• Task
Reproduce the listing below exactly. Pictures do not belong in the copy.

BEGIN Supplied material

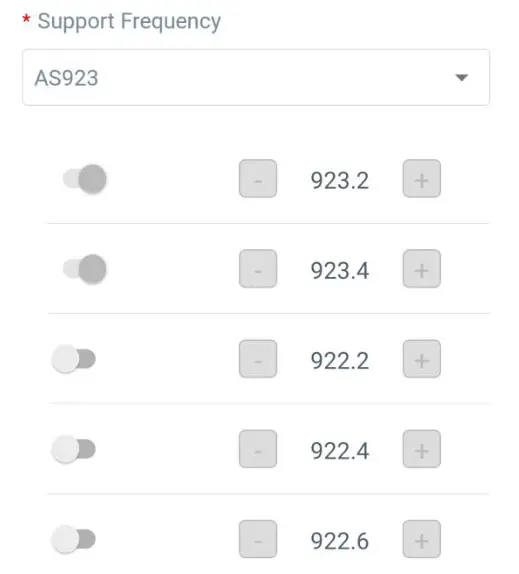 RG2I WS136 Smart Scene Panel Featuring LoRaWAN - icon7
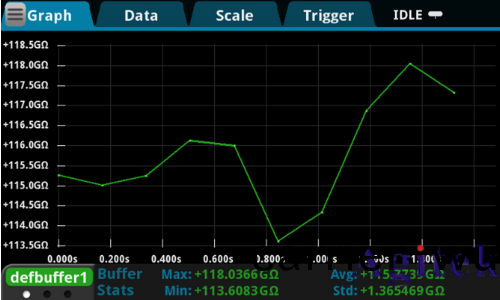 吉時(shi)利數字源錶2450測量絕(jue)緣電阻(zu)(圖1)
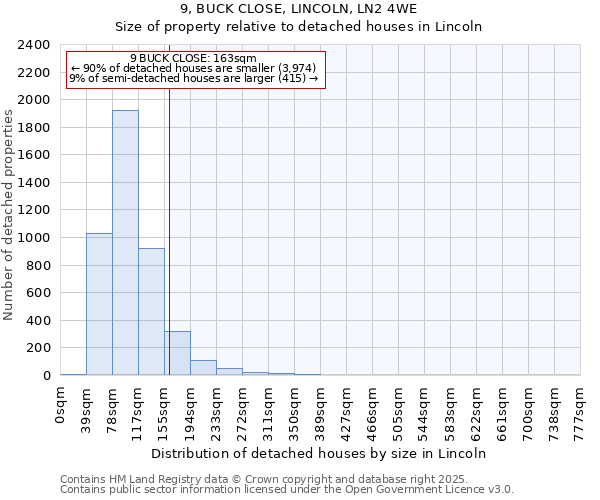 9, BUCK CLOSE, LINCOLN, LN2 4WE: Size of property relative to detached houses houses in Lincoln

END Supplied material

• Output
 RG2I WS136 Smart Scene Panel Featuring LoRaWAN - icon7
 吉時(shi)利數字源錶2450測量絕(jue)緣電阻(zu)(圖1)
 9, BUCK CLOSE, LINCOLN, LN2 4WE: Size of property relative to detached houses houses in Lincoln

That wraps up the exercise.